# Kernel upgrade + High disk I/O

## Daivil

Hello everyone,

I'm encountering a weird issue with one of my MySQL/NFS server within a web infrastructure.

I've upgraded the kernel of this server from 2.6.34 to 3.6.11 (yes, I know, long version gap...).

Anyway, this upgrade has caused a major Disk I/O behaviour as you can see on this graph :

http://94.125.167.135/diskstats_utilization-week.png

Here is the difference between my 2 kernel config files :

 *Quote:*   

> 2,4c2,3
> 
> < # Automatically generated make config: don't edit
> 
> < # Linux kernel version: 2.6.34-gentoo-r6
> ...

 

(I've exluded (is not set lines from output).

What could have caused such issue? Any idea anyone?

Thanks,

----------

## Daivil

Clue : iotop -o seems to report a high I/O usage from kjournald. This is ext3.

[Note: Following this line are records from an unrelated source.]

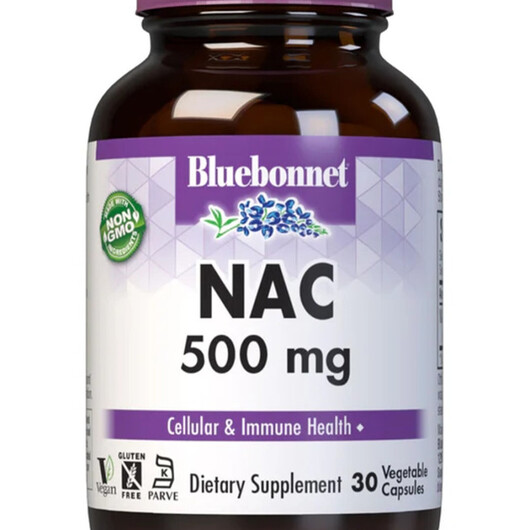 Основне фото товару NAC Основне фото товару Bluebonnet Nutrition, NAC, N-ацетилцистеїн, 30 капсул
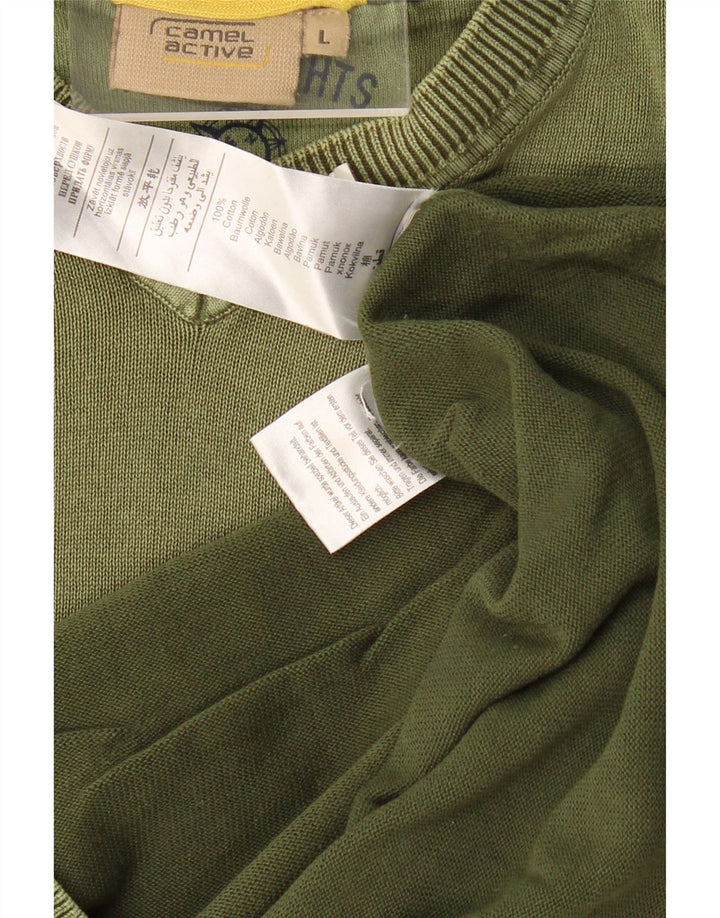 CAMEL ACTIVE Mens V-Neck Jumper Sweater Large Khaki Cotton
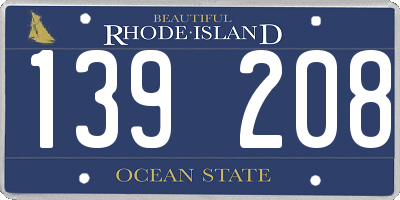 RI license plate 139208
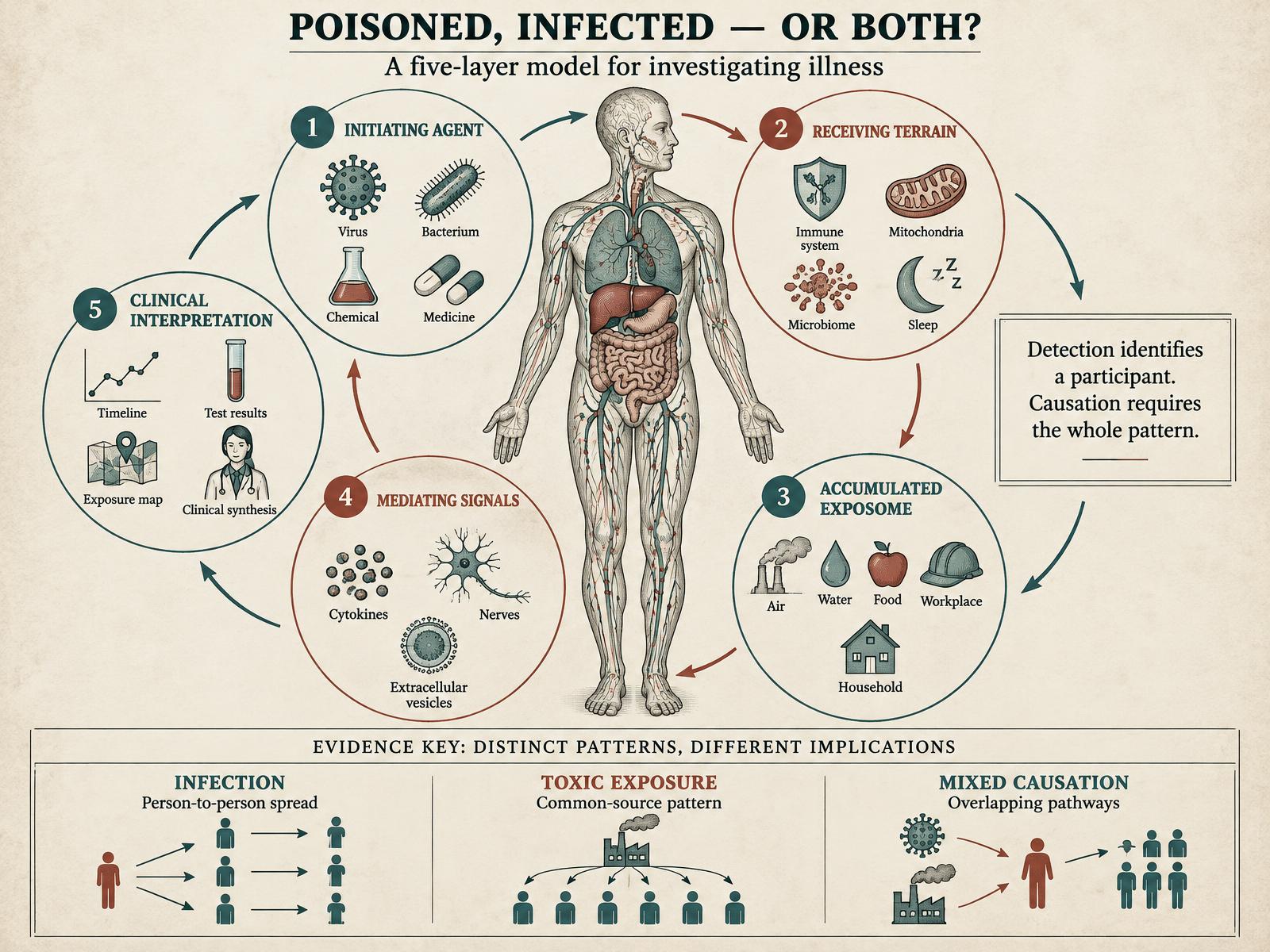 Five-layer medical diagram comparing infectious spread, common-source toxic exposure, host terrain, the exposome, biological signals, and clinical interpretation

Is there a kernel option (or feature) that could explain such difference between 2.6.34 and 3.6.11 regarding ext3 performance/journal ?

----------

## KaZeR

Hi,

I've seen similar issues in the past which where related to the chosen IO scheduler.

Which scheduler are you using?

----------

## aCOSwt

which options do you mount your fs with ? (data= ? atime ?...)

Did you change anything about this ?

I can't be absolutely sure about this but I think I remember that sometimes since 2.6.32... possibly 2.6.34 some mount option was dropped from the default set of options.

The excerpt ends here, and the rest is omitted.